- [Dataset content]
********
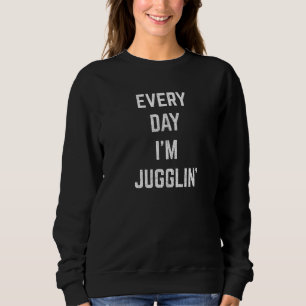Sudadera Cada Día Im Jugglin Profesional Juggling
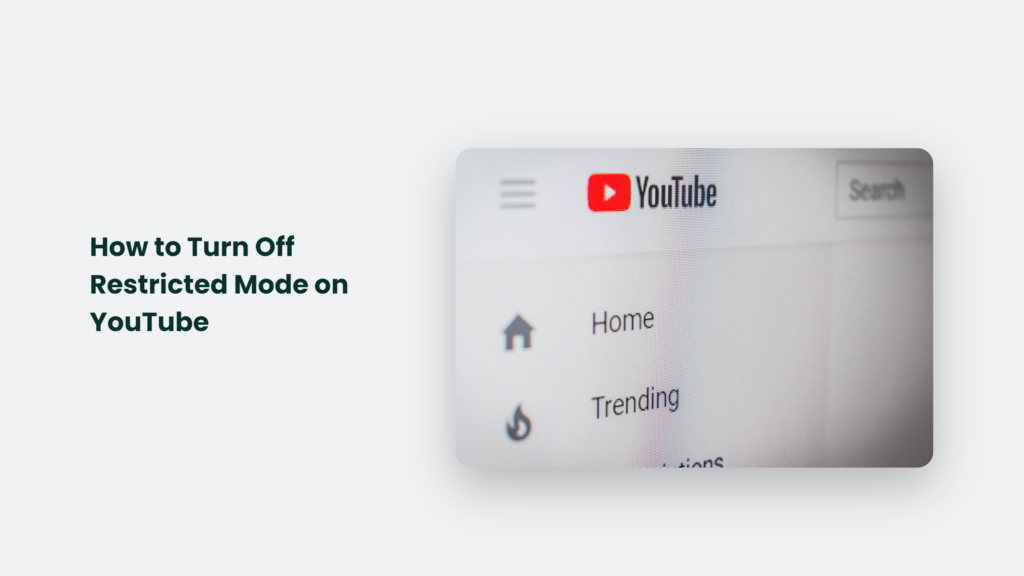 How to disable Restricted Mode on YouTube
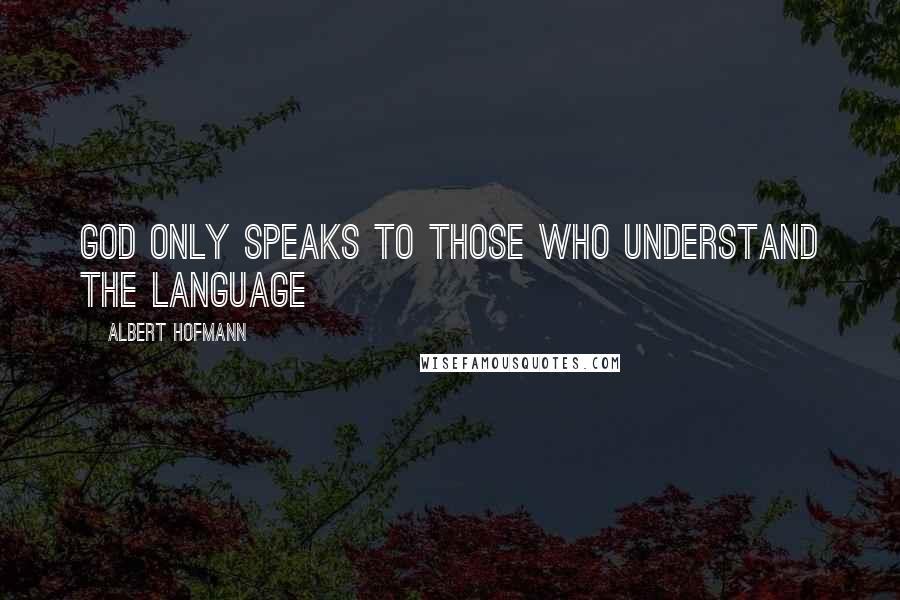 Albert Hofmann Quotes: God only speaks to those who understand the language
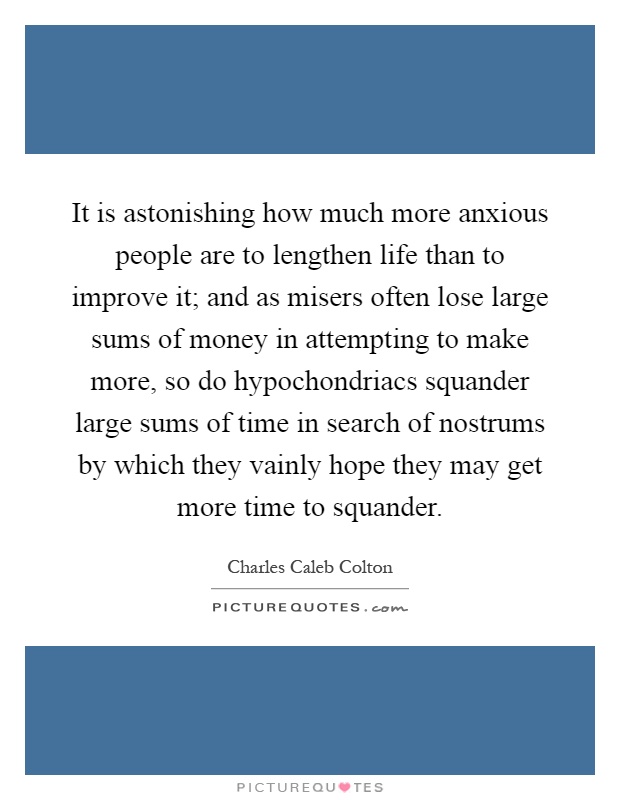 It is astonishing how much more anxious people are to lengthen life than to improve it; and as misers often lose large sums of money in attempting to make more, so do hypochondriacs squander large sums of time in search of nostrums by which they vainly hope they may get more time to squander Picture Quote #1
********
Could you repeat the data exactly, omitting its pictures?

- [Task result]
Sudadera Cada Día Im Jugglin Profesional Juggling
 How to disable Restricted Mode on YouTube
 Albert Hofmann Quotes: God only speaks to those who understand the language
 It is astonishing how much more anxious people are to lengthen life than to improve it; and as misers often lose large sums of money in attempting to make more, so do hypochondriacs squander large sums of time in search of nostrums by which they vainly hope they may get more time to squander Picture Quote #1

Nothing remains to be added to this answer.